How the Best and Worst Error Strewn Teams Perform in Subsequent Years.

Average Goals Allowed from Errors for Best Performers in Season N. Average Goals Allowed from Errors for Same Teams in Season N+1.
2.4 6.4

Average Goals Allowed from Errors for Worst Performers in Season N. Average Goals Allowed from Errors for Worst Performers in Season N+1.
10.7 5.6

Given these initial results,the avoidance of goal yielding errors would not appear to be a largely repeatable skill.Teams who have the "skill" one year often lose it the next and become merely average.Also more talented teams appear to be no better at  displaying the trait than do poorer ones because if you plot the correlation between seasonal success rate and goals allowed through errors is also virtually non existent.

One of the most dangerous assumptions to make in analysis of football is that what happens on the field is almost entirely down to the talent of the players on the pitch.Many outcomes during the game are predominately talent based,but all are determined in varying degrees by a randomness that is beyond the control of the on field participants and goals scored from errors would seem to be a prime candidate for a statistic that is primarily driven by chance.These goals affect and partly explain a team's final league standing,but are poor indicators of how teams will subsequently perform in this aspect of the game in the future.

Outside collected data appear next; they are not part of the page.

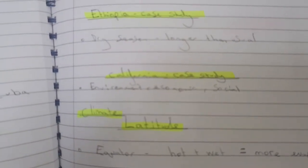Our case study for drought in a rich country is California.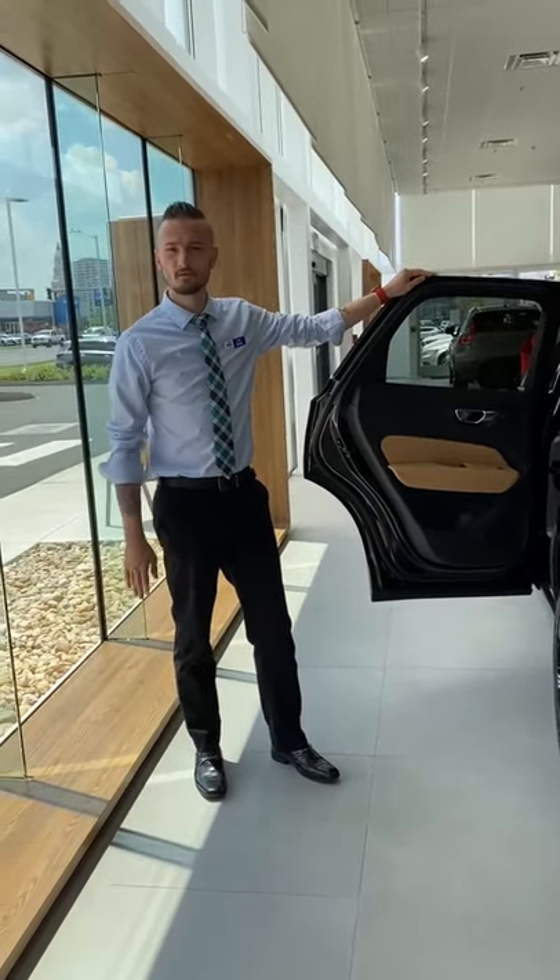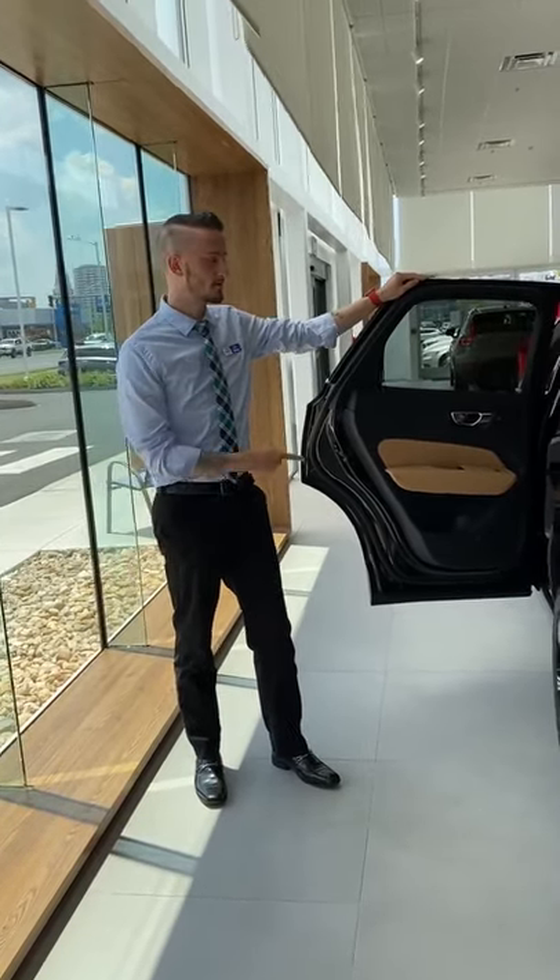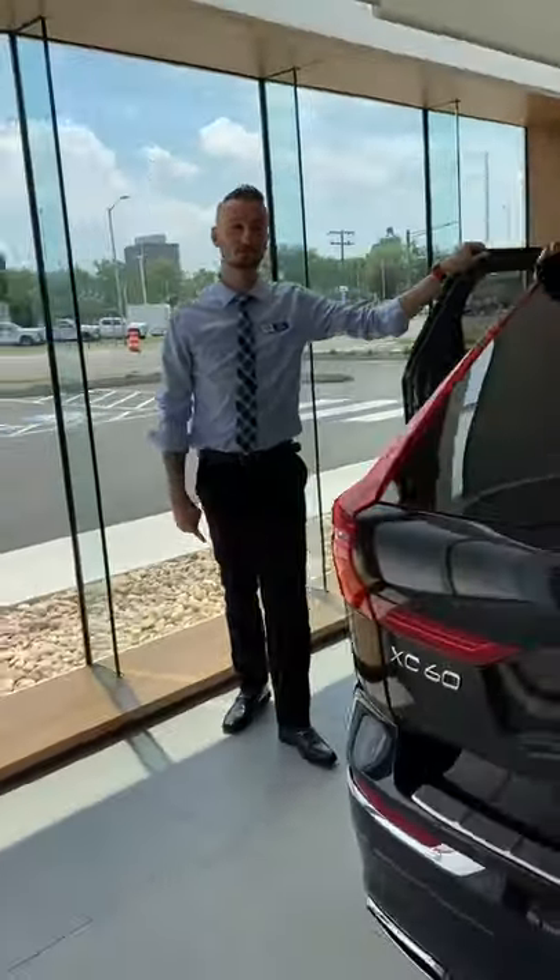Hey guys, my name is Joe from Jenner's Volvo in East Hartford. Today we're going to take a look at the XC60 and we're going to show a feature called the Integrated Child Booster.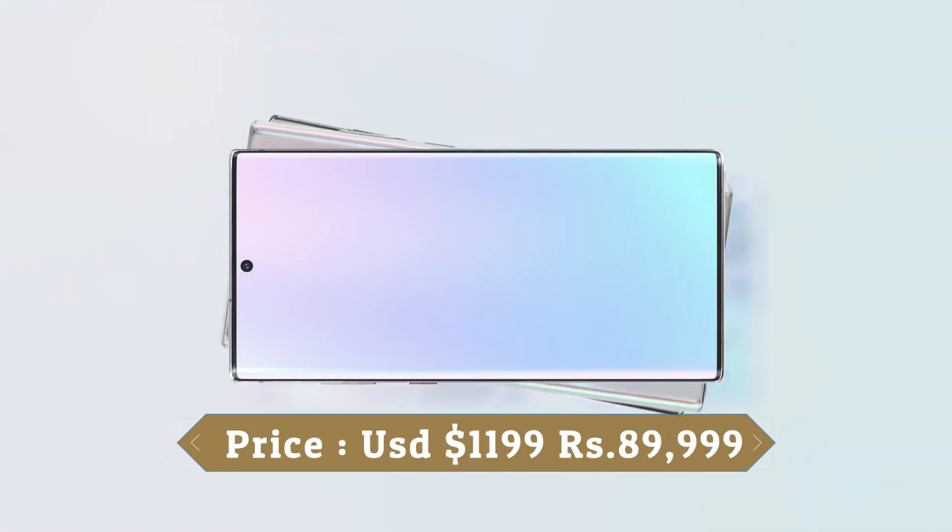This smartphone also supports face unlock. It was launched in Aura Black, Aura Glow, and Aura White colors.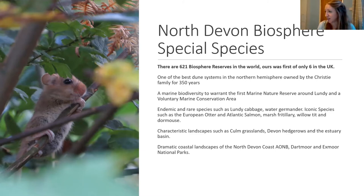What makes our biosphere special? We've got our culm grasslands, our Devon hedgerows, our very cute hazel dormice, and endemic species such as the Lundy cabbage and Devon whitebeam that you just don't find anywhere else in the country. It's quite an interesting, exciting place to live and work, and that's why lots of people visit.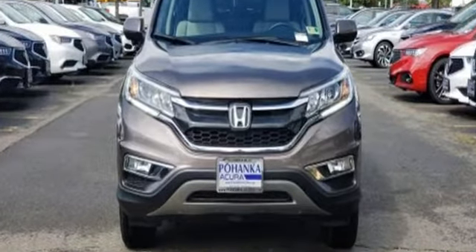Honda's created some of the most admired vehicles on the planet. Hurry in today and see it for yourself.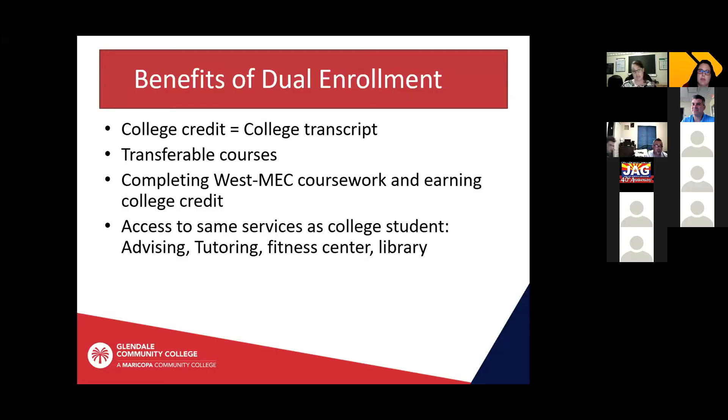When you are a dual enrollment student, you have access to the same services as all college students because you are a college student. Even though you're not physically at the college, you've signed up for that college credit and you're getting those same services. Those include advising, on-campus tutoring, online tutoring, the fitness center, the library, and computer labs. There are lots of benefits to being a dual enrollment student beyond just the college credit.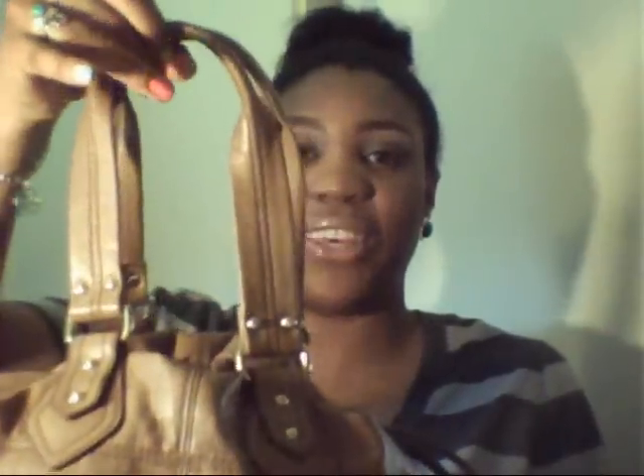Hey you guys, it's me coming to you today to showcase what is in my purse. This is my cute H&M bag that I actually got for Christmas. I just wanted to show this to you guys — I love the detailing of it. It's so cute. I actually really love large bags because you can pretty much put anything and everything in there that you may need.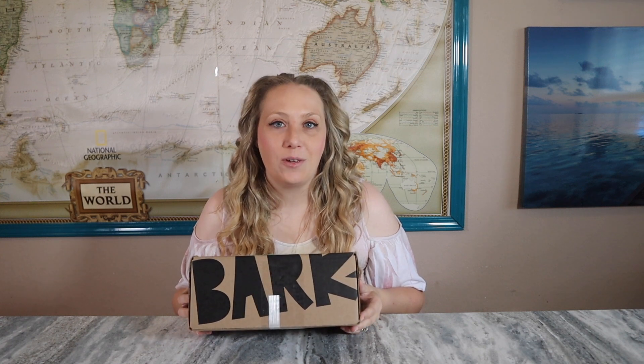Hey everyone, welcome back to my channel! Today we're going to be looking at a BarkBox. I haven't done a video just for BarkBox for a little while, but because I ordered some extra stuff this month I wanted to give it its own full video. If you've never heard of BarkBox, it is a pet subscription box for your dog. They have you fill out a quiz to find out about your dog — they ask about the sizes of your pets and the kind of toys they like to chew.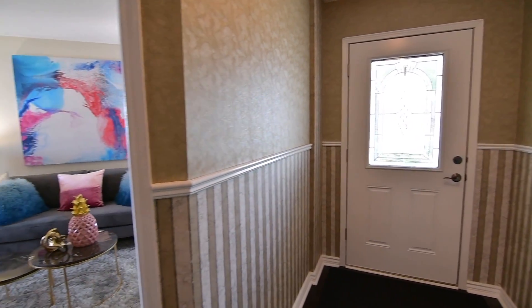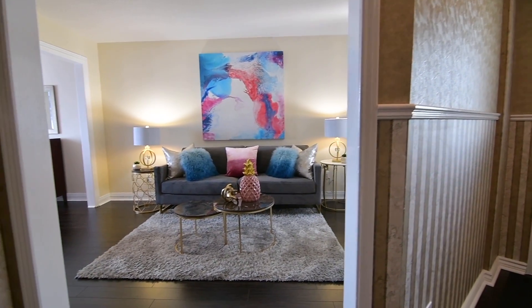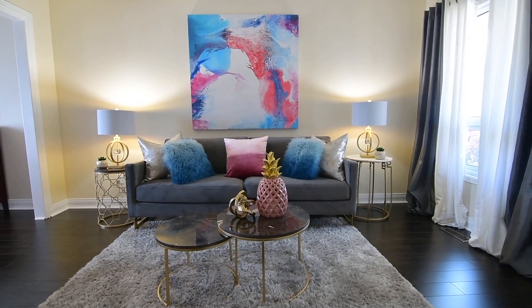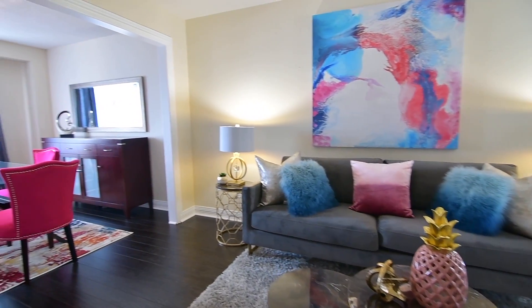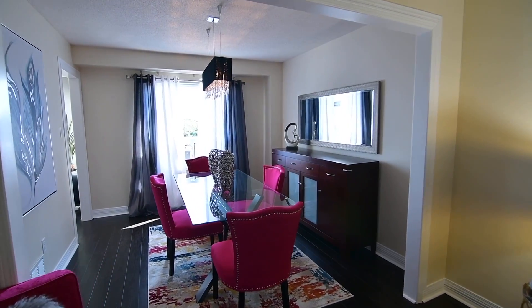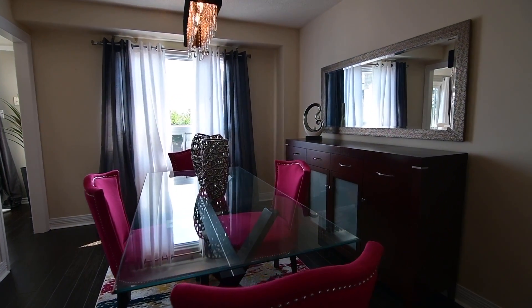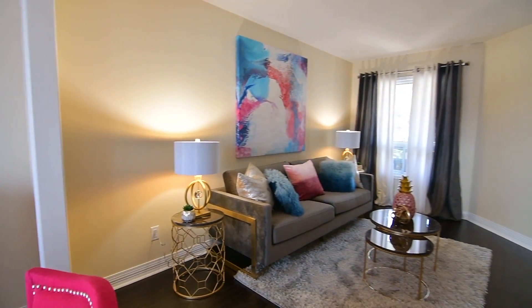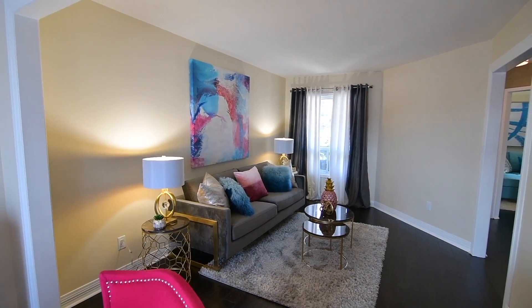Across the hall are the formal entertaining spaces of the open-concept living and dining areas. Both rooms feature oversized windows for natural light, while lending an aura of sophistication to the dining area is a contemporary chandelier. High-quality dark laminate flooring adds an elegant finishing touch here and throughout the entire main level.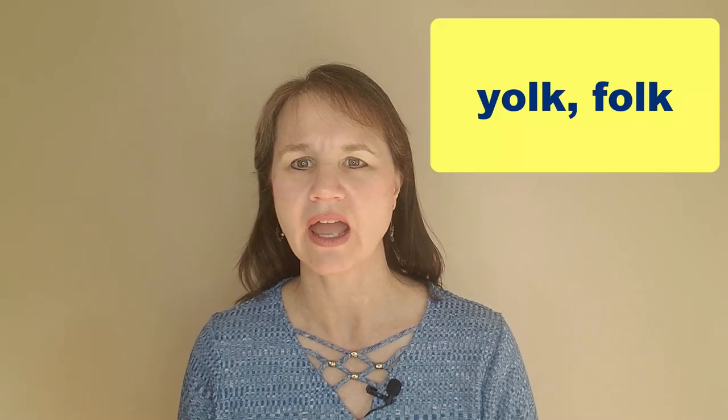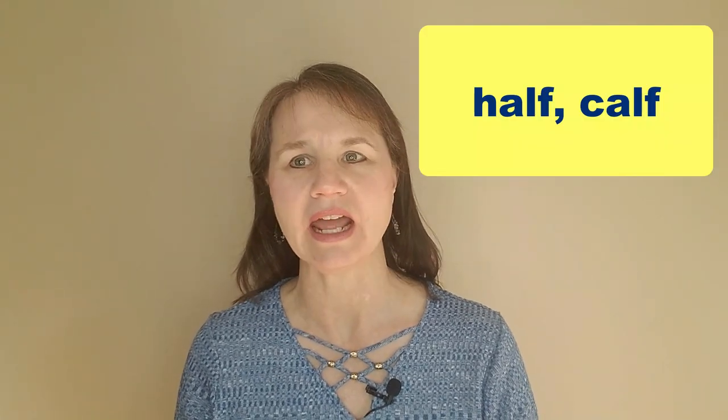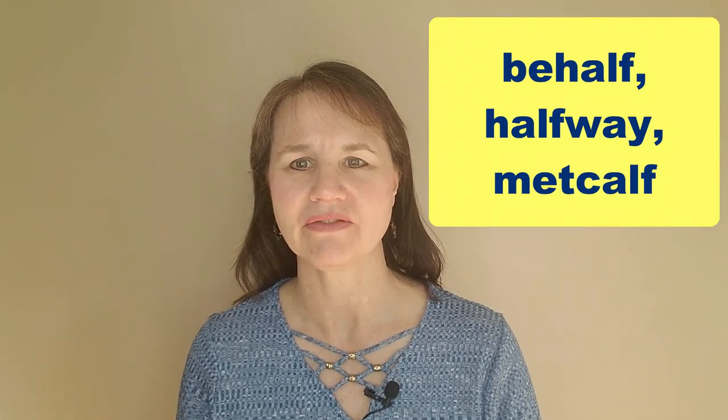Now, similar to 'talk' and 'walk' are 'yolk' and 'folk,' but the vowel sound here is different. 'Half' and 'calf' also rhyme and have silent Ls. You'll also find longer words that include these roots, like 'behalf,' 'halfway,' or the last name 'Metcalfe.'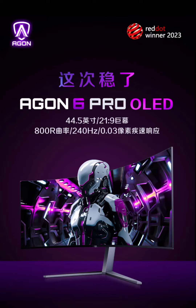The Aragon 6 Pro OLED monitor is equipped with a 44.5-inch 21:9 native 10-bit OLED panel that has an immersive 800R curvature. It boasts a high resolution of 3,440x1440, an ultra-fast 240Hz refresh rate, and an impressive 0.03ms GTG response time.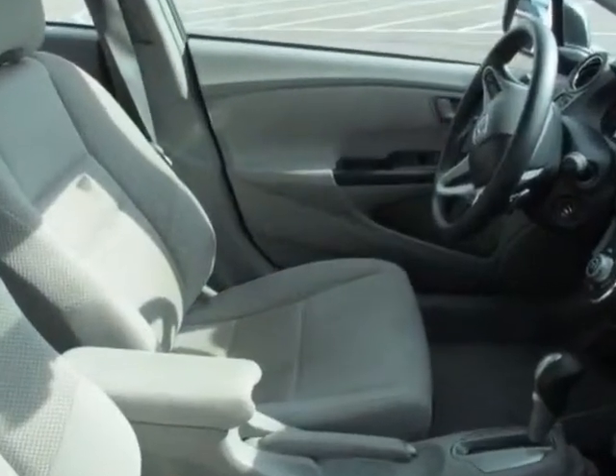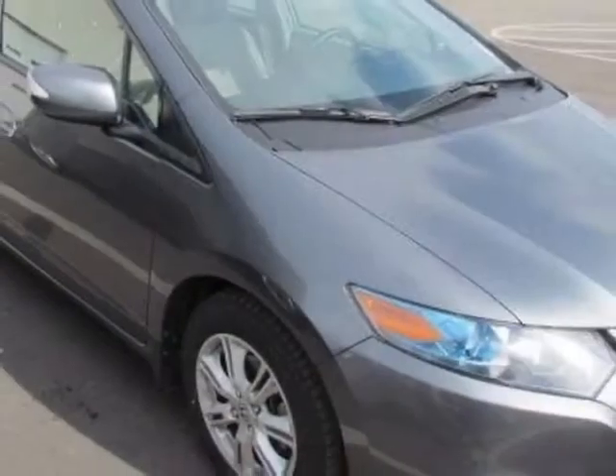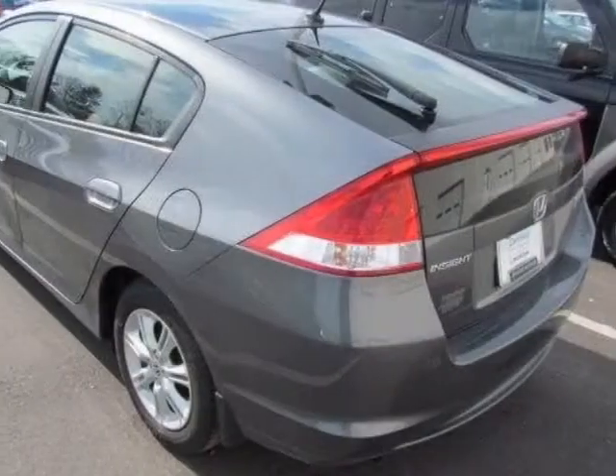This Insight boasts a 1.3 liter engine and has a CVT transmission. Additional options for this vehicle include power steering, auxiliary audio input, climate control, and driver airbag.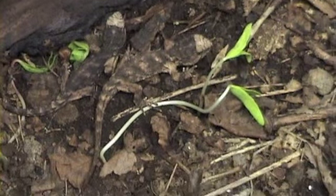Here you can see the baby tuataras and their environment at Victoria University.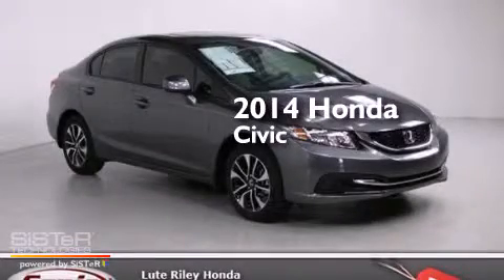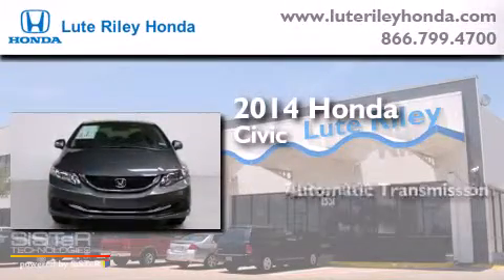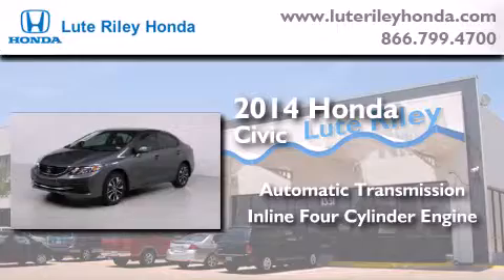This is a brand new 2014 Honda Civic. This car has an automatic transmission and an inline four-cylinder engine.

In short,teams cannot escape the random nature of mistakes,nor can they control the outcomes of those mistakes.One season almost every slip up might lead to a goal,while other seasons may simply see most of these chances being ballooned over the bar by the opposition.All that EPL teams can expect,judged on the distribution of the data is that over time they will each concede an average of around six goals in such circumstances.

The manipulation of the new raft of data is fraught with difficulty and just as players find it difficult to accept that their skill levels aren't the final arbiters of the ultimate game outcome,a new breed of number crunchers may have difficulty in accepting that a future event cannot be predicted with any degree of accuracy.Sometimes,as would appear the case here,the best guess is merely an average from all teams over previous seasons.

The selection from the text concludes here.